What do you do to help someone who’s literally not conscious?

Clearly her body is suffering. Clearly it needs something (presumably rest, but what else?!).

Clearly there must be something I can do.

The hard things are hard because there’s not an obvious answer.

How do you be there for someone when they’re barely “there” themselves?

The best answer for us, I found, was utilizing that quiet time to figure out what I can do when she wakes back up.

  • Review doctor notes
  • Get medicines organized
  • Organize her space so she can recover comfortably
  • Prep food she’ll be able to eat

 

I love to cook, and I was lucky enough to have close friends and family send me cookbooks specifically written for people going through cancer treatment.
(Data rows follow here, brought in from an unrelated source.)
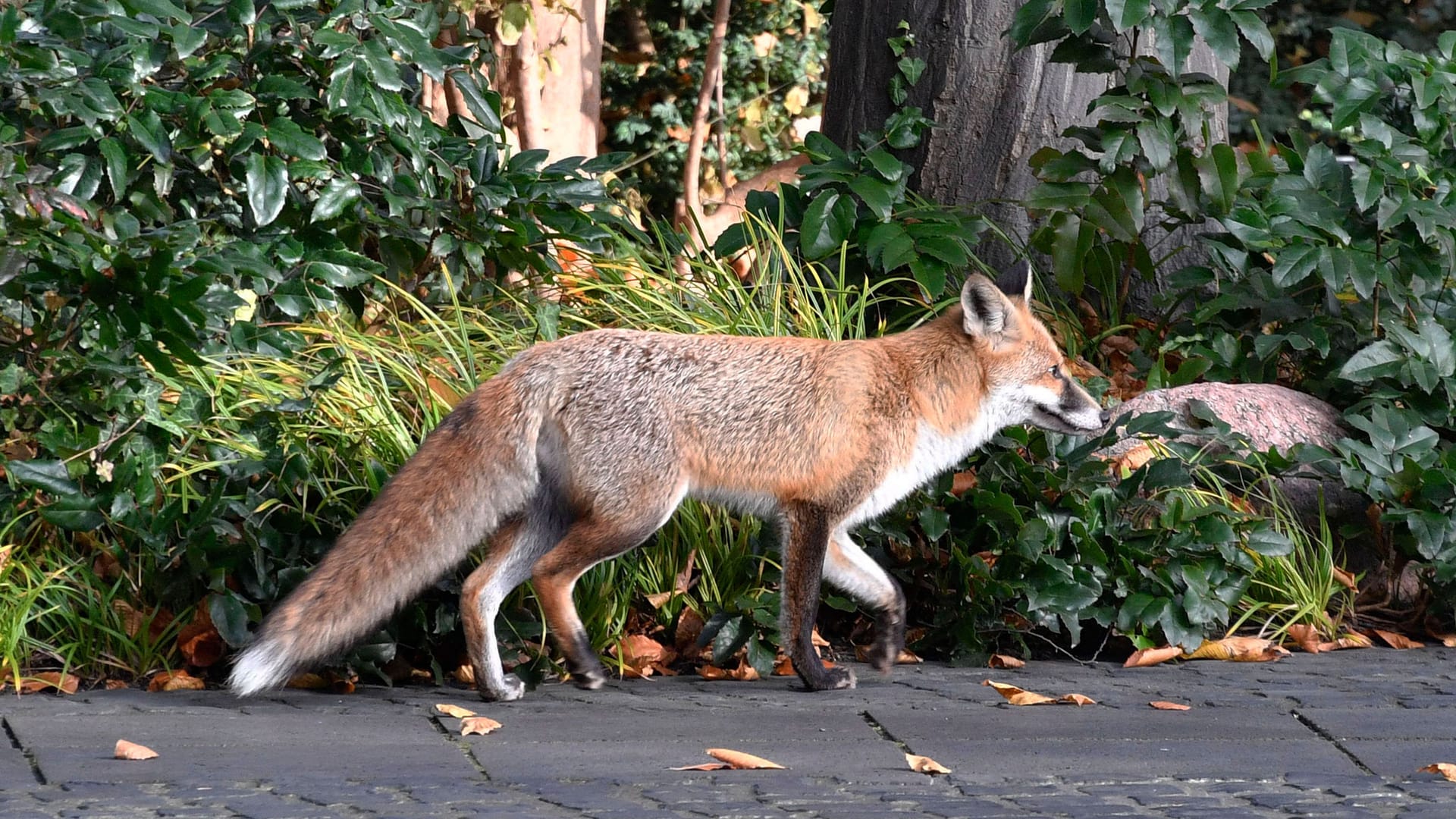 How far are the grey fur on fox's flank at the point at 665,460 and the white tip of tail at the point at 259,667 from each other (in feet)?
0.28

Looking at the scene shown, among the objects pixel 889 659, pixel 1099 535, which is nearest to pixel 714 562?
pixel 889 659

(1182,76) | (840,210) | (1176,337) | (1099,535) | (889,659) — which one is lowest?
(889,659)

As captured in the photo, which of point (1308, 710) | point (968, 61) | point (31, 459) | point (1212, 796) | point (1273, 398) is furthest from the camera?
point (968, 61)

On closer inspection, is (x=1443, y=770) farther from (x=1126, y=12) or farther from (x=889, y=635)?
(x=1126, y=12)

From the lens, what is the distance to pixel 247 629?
5305mm

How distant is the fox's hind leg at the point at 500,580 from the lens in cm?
515

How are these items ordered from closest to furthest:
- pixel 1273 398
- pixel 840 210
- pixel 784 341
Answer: pixel 784 341 < pixel 1273 398 < pixel 840 210

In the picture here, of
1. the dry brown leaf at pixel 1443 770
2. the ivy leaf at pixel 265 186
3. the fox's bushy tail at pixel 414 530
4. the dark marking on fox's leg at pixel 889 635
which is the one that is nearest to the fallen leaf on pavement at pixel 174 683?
the fox's bushy tail at pixel 414 530

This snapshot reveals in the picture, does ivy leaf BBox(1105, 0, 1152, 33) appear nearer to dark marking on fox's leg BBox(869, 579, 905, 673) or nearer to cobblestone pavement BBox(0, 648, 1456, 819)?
dark marking on fox's leg BBox(869, 579, 905, 673)

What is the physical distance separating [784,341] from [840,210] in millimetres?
2125

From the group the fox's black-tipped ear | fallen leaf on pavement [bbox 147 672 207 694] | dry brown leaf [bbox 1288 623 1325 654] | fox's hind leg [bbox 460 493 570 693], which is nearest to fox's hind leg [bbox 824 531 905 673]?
fox's hind leg [bbox 460 493 570 693]

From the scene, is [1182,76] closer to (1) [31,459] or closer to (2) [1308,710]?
(2) [1308,710]

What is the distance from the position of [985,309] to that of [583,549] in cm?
178

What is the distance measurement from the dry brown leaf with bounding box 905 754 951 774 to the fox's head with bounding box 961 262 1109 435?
1864mm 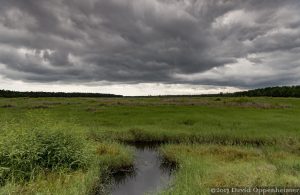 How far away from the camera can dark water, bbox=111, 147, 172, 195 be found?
14.4 meters

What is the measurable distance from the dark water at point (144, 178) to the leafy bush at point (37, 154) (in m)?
2.35

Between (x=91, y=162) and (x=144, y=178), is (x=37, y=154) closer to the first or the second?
(x=91, y=162)

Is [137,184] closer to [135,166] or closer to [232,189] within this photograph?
[135,166]

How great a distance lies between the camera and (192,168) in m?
15.0

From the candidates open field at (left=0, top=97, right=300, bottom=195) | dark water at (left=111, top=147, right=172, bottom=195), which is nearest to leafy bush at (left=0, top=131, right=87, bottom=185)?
open field at (left=0, top=97, right=300, bottom=195)

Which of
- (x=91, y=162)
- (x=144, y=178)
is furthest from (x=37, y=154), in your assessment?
(x=144, y=178)

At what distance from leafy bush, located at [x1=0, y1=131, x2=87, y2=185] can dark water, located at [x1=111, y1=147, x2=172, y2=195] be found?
2.35m

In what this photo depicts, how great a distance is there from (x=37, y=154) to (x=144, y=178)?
603 centimetres

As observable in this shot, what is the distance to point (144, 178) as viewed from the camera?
1631 cm

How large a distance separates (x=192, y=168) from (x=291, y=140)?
12762 millimetres

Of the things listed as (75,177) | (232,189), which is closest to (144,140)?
(75,177)

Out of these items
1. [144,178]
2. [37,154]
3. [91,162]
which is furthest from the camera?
[144,178]

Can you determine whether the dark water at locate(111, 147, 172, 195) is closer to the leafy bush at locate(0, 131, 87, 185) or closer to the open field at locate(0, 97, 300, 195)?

I took this time to review notes from doctor’s appointments and see what vitals were down for Justine.

Her iron is low? Great, let me go through this cookbook and work on recipes that she’ll enjoy and that will increase her iron intake for when she wakes back up and needs food.

Being there for someone in the hard moments involves a lot of thinking on your feet and utilizing your skills to improve their condition.

The answers aren’t easy and they aren’t obvious, and they differ wildly from case to case, but once you discover them, you’ll be able to bring an undisputable level of value to someone in a way not many others can.

 

What Did I Do to Take Care of Myself?

This is admittedly a harder question for me to answer, and maybe process.

I don’t know if I was the best at taking care of myself and I think that’s something plenty more people struggle with than just me. I am very much still working on this, and still recovering from it all, and still learning how to allow myself to be okay with that.

I would say, to start this off: allow yourself the grace to struggle with this.

There’s no map. No path. No easy answers. And that’s okay.

You’re not alone in this struggle, and it’s alright to feel lost and frustrated.

What I will say is that this life event fell at an interesting moment for me personally. After a few years of working at a dead-end job with a pretty depressing work environment, I had decided to leave and get a new job with much better work-life balance and people who presented a more positive atmosphere.

It opened me up to a mindset of growth and eagerness to improve myself after years of feeling insignificant and belittled; feelings that can definitely be intensified when watching someone you love go through something so difficult and feeling helpless.

During this time I:

  • Started and finished an online Master’s degree in Legal Studies
  • Started studying wine through the WSET program, a passion I’d held for a long time
  • Began therapy and painting lessons
  • Bought a house and planned a wedding

 

I also hung out with friends, exercised, and went to concerts: things that comforted me in the immediate.

But when I think about what truly nourished me, the central theme was this:

Keeping my focus on the horizon and working on how wonderful and breathtaking I wanted life to be after her treatment, for both her and myself.

It’s easy to feel hopeless in the moments of infusions, medical tests, and surgeries. So immerse yourself in activities and focuses that look beyond them and highlight the excitement and beauty of life post-treatment.

Find the things that remind you:

Cancer cannot take away the vitality and love for life you have.

 

Final Thoughts

There’s no single roadmap for being a partner or caregiver during cancer. Every moment brings new questions, emotions, and decisions. What matters most is staying present: tuning in, responding with care, and doing your best with what you know. Some days, that means showing up with soup. Other days, it means sitting quietly beside the person you love, even when there’s nothing to say. Your presence, imperfect, human, and real, makes all the difference.

If you’re in the thick of it right now, with someone you love navigating treatment, let this be your permission to both show up for them and care for yourself in ways that feel meaningful.

Be patient with the obvious things. Stay open during the hard things. And don’t forget to look up to that horizon you’re moving toward, together.